Achievement is addictive because of the good feel chemicals the brain shoots through the body and getting it from playing a game is a very cheap high indeed but the long-term ramifications of being near skilless, is yet to truly unfold.
I wrote a tongue in cheek post before about nerds. You are not a nerd if you play lots of games, you are a nerd if you can code the games people play. You are not a good driver by playing need for speed, you are not a farmer from farmville, a dancer from watching dancing with the stars, a singer from watching idols, or a guitarist from tapping at guitar hero.
To be able to do these things for real requires investment into building a range of skills that compound and support each other to be able to complete a task at both the physical and mental level. To be very good at something, takes a lot of investment. No wonder so many people choose not to invest, it is hard work. Better to just get that feeling cheaply from an app.
As I often do, I will bring children into this equation also. We use these entertainment activities as babysitters and learning tools and they are absorbing the lessons well. We are living in times of unprecedented obesity, lack of motivation and drive, instant gratification, disengagement, failing social skills, falling language skills, dismal motor skills and general drop in ability to care for themselves.

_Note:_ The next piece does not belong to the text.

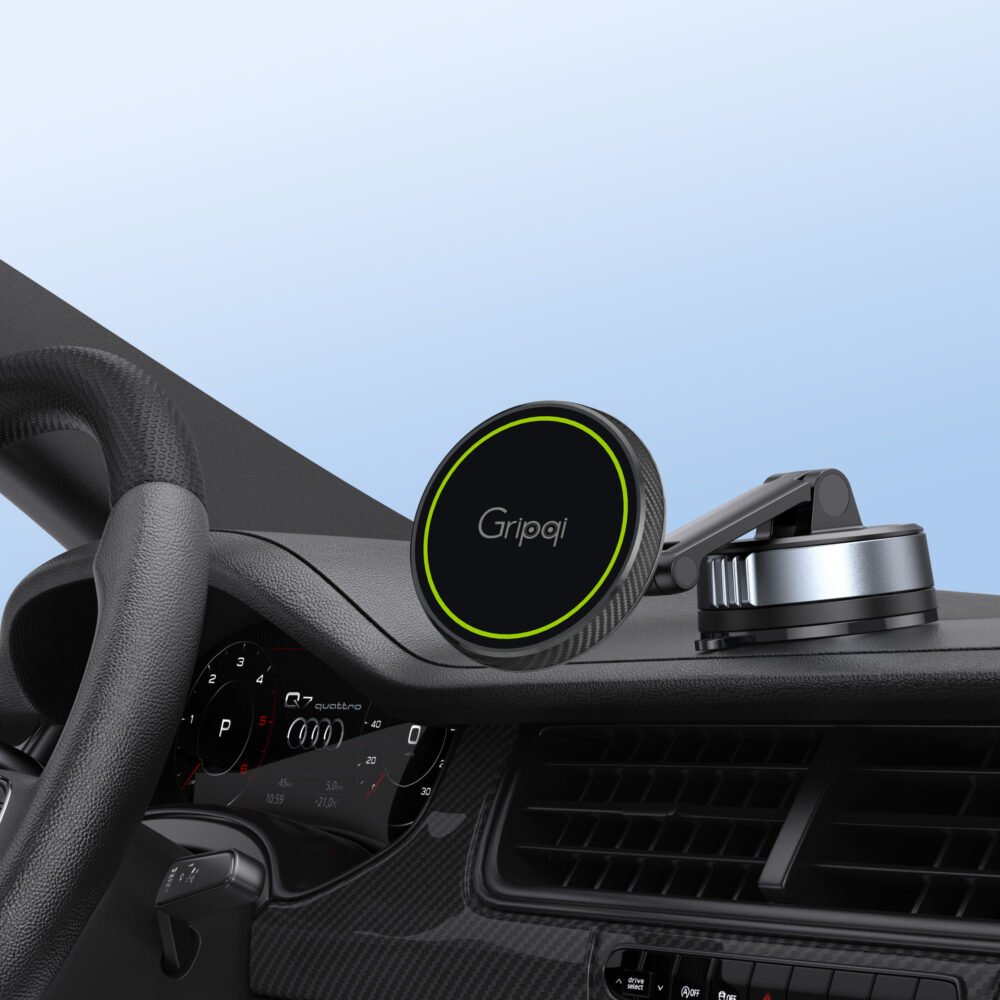 Alternative view of מעמד לרכב Gripqi XMD20 עם הצמדת MagSafe ותושבת ואקום לדשבורד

Funnily enough though, they all feel like they will achieve great things and change the world. They will change the world greatly most likely, it won't be for the better at this rate.
All of these consumptive achievement behaviours are all tied back to a few points. Massive companies and the governments that benefit from them. The entertainment companies, the IT companies, the television stations and all forms of marketing are all in this together it seems. The money is huge.

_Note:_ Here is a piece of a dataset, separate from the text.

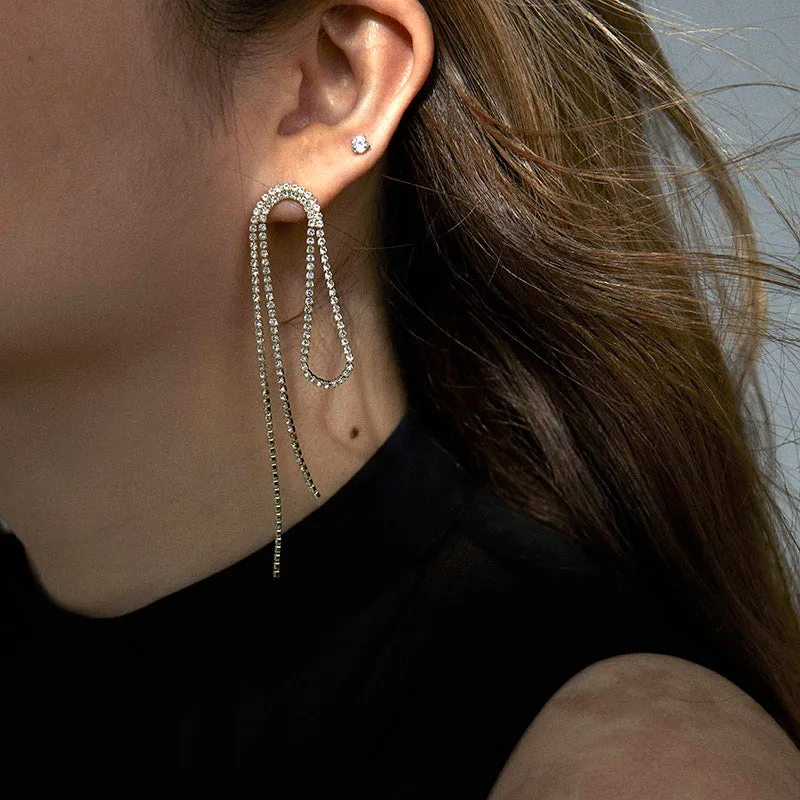 Flowing Fringe Sparkle Long Earrings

It is a massive machine that drops our faculties and forever ties us to a reliance on others for our products and services as we do not have the skills to produce our own. It is a centralised brainwashing and we are walking into it not only willingly, we think it is an achievement.
I am not saying that all of the gaming industry is evil, nor that there is some master plan to make us as stupid as possible but, it does point in that direction. As fun as it all is, it is probably beneficial to diversify the attention resources into a wider array of skill developing activities. Ones that will provide practical skills that cover the physical and mental aspects as well as enough positive and negative success to build a strong emotional frame work too.
I know, I know, not fun is it? Should I have gamified it for you?